[Stored items]
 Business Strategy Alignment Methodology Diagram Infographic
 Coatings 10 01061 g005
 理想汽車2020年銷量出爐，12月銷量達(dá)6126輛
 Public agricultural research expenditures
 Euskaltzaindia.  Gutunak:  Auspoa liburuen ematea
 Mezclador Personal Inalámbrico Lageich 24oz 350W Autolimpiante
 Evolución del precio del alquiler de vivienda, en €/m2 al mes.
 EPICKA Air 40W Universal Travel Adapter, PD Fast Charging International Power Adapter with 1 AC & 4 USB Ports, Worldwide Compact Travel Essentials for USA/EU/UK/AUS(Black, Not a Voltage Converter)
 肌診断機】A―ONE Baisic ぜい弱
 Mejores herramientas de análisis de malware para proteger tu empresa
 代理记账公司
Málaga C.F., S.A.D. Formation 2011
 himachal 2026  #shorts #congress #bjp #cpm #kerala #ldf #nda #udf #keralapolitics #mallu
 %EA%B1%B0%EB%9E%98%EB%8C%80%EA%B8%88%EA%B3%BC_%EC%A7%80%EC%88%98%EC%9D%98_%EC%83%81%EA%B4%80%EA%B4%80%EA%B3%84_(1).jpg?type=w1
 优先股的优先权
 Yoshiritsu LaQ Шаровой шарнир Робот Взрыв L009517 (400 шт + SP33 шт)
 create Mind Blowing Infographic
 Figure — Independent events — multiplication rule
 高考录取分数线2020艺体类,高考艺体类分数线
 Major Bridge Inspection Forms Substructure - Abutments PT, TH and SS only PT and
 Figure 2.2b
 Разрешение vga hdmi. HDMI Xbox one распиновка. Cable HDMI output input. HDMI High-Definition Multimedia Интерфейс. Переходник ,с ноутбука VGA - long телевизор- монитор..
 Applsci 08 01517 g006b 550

■ Brief
What is needed is a copy of every line above in which "Figure" appears.

■ Output for this exercise
 Figure — Independent events — multiplication rule
 Figure 2.2b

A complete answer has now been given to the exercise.